Ci sono però due limiti importanti. Il primo riguarda le competenze: il lavoratore deve già possedere le abilità necessarie per la nuova mansione. Il secondo limite riguarda l’organizzazione aziendale: non si può pretendere che venga rivoluzionata per trovare un nuovo ruolo al dipendente. Il datore è chiamato a mettere in atto solo quegli adattamenti che risultino ragionevoli e sostenibili.
Se non esistono ruoli compatibili, allora, e solo allora, si può parlare di licenziamento. Ma non è una decisione che il datore può prendere in autonomia. Serve il parere di una commissione medica.
Quando la commissione medica è determinante
Secondo l’articolo 10 della Legge 68/1999, la risoluzione del contratto può avvenire solo dopo l’intervento della commissione medica integrata, che deve accertare l’impossibilità di reinserire il lavoratore, anche con gli adattamenti previsti dalla normativa. Questo vale sia per le disabilità legate all’assunzione che per quelle sopraggiunte.

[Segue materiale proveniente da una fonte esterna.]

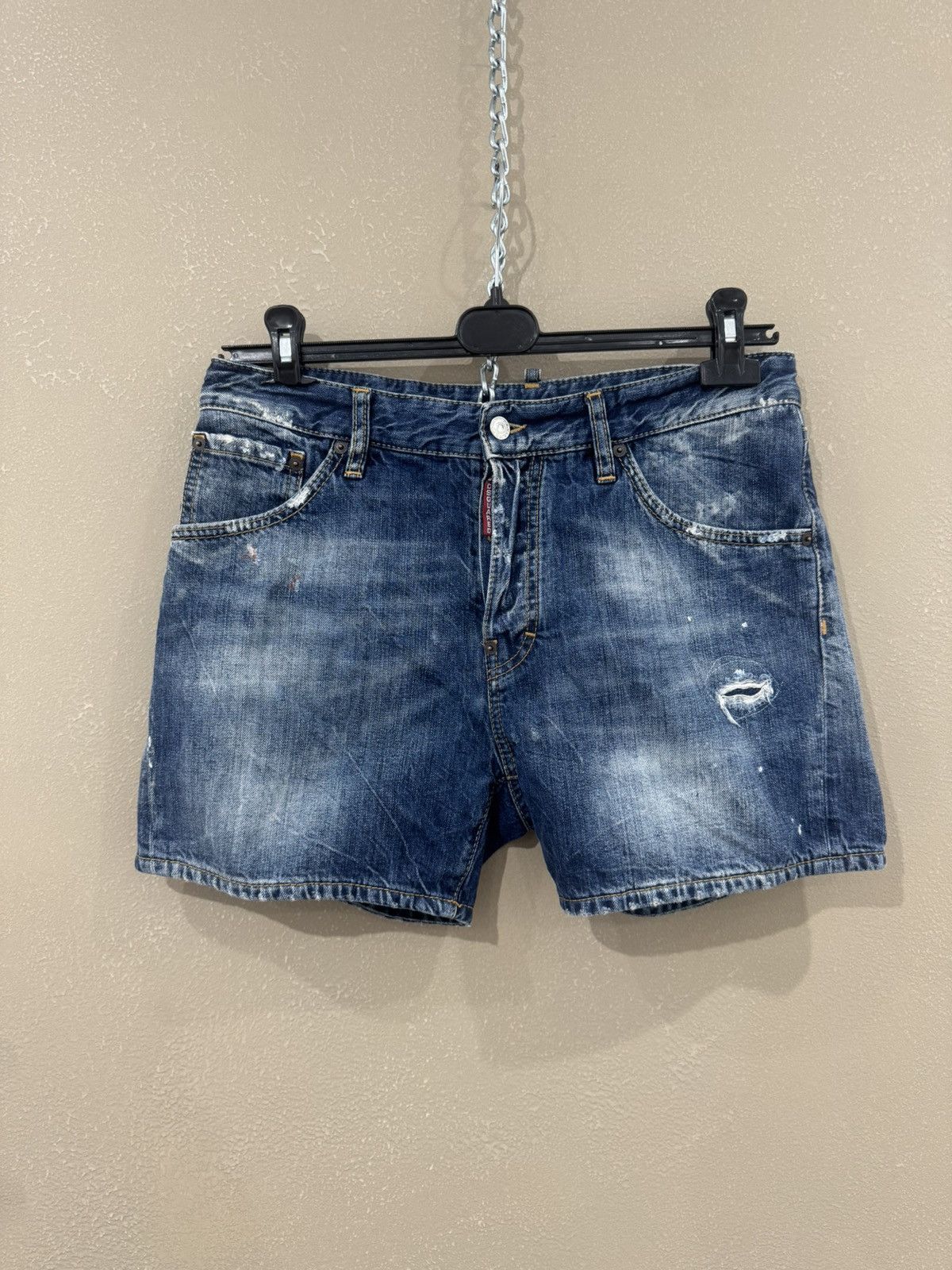 Dsquared2 Dsquared2 Denim Shorts Jeans Designer Rare Streetwear Hype Size US 30 / EU 46 - 1 Thumbnail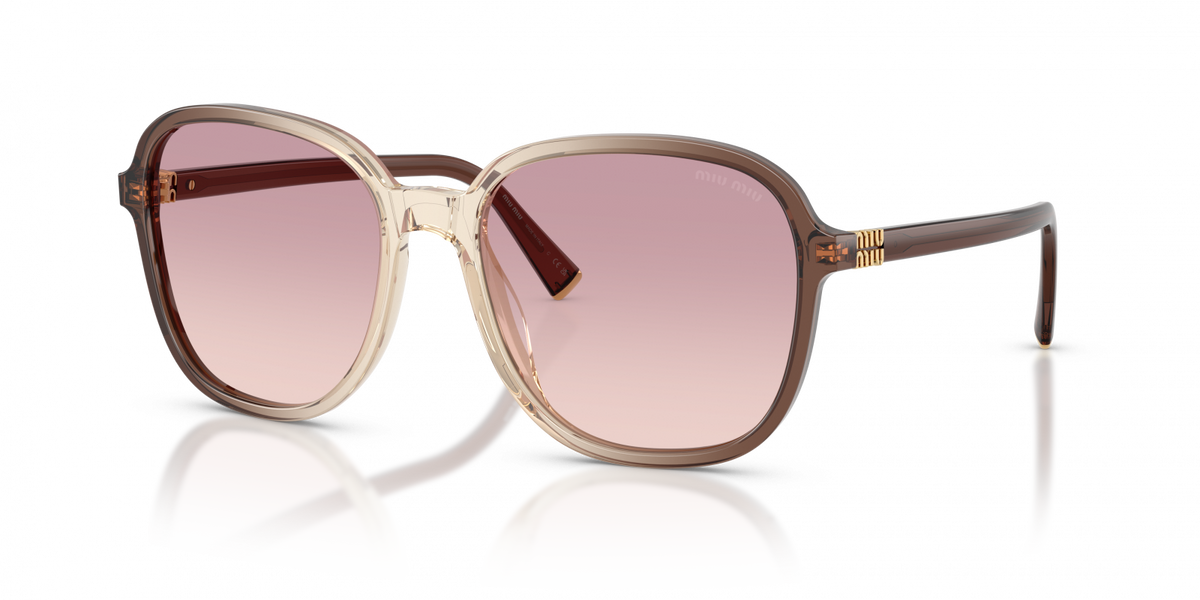 MU B01S Miu Miu Brown Gradient/Brown Gradient Pruple 58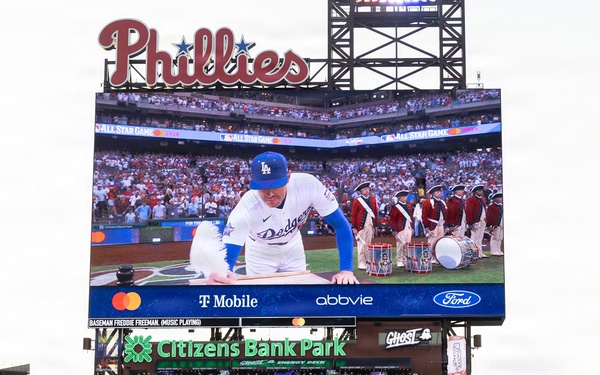 Service members support the 2026 Major League Baseball All-Star Game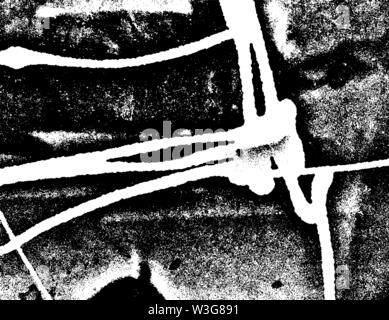 Distressed grunge grainy overlay texture. Scratch Old Texture Wa Stock Vector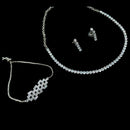NAFJ Timeless Sparkle Crystal Stone Combo Necklace Set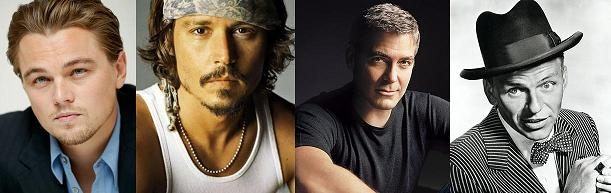 DiCaprio, Depp, Clooney e Sinatra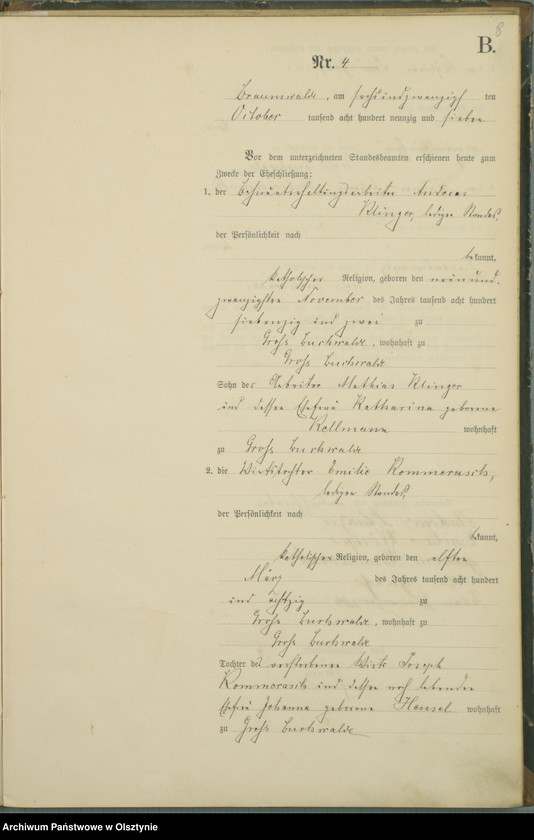 image.from.unit.number "Heiraths-Haupt-Register Nr 1 - 10"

Nei casi di inidoneità temporanea, il lavoratore non può essere licenziato. Il datore deve invece valutare soluzioni provvisorie, come l’assegnazione a mansioni alternative o, in assenza di opzioni, la sospensione temporanea. La retribuzione non è garantita, ma il posto resta.
Il licenziamento diventa legittimo solo quando la commissione certifica un’inidoneità permanente e non esistono possibilità di ricollocamento. La Cassazione (sezione lavoro, ordinanza n. 18094 depositata il 2 luglio 2024) ha chiarito che il datore non può decidere da solo: una valutazione personale non basta. Serve un giudizio tecnico, terzo e documentato.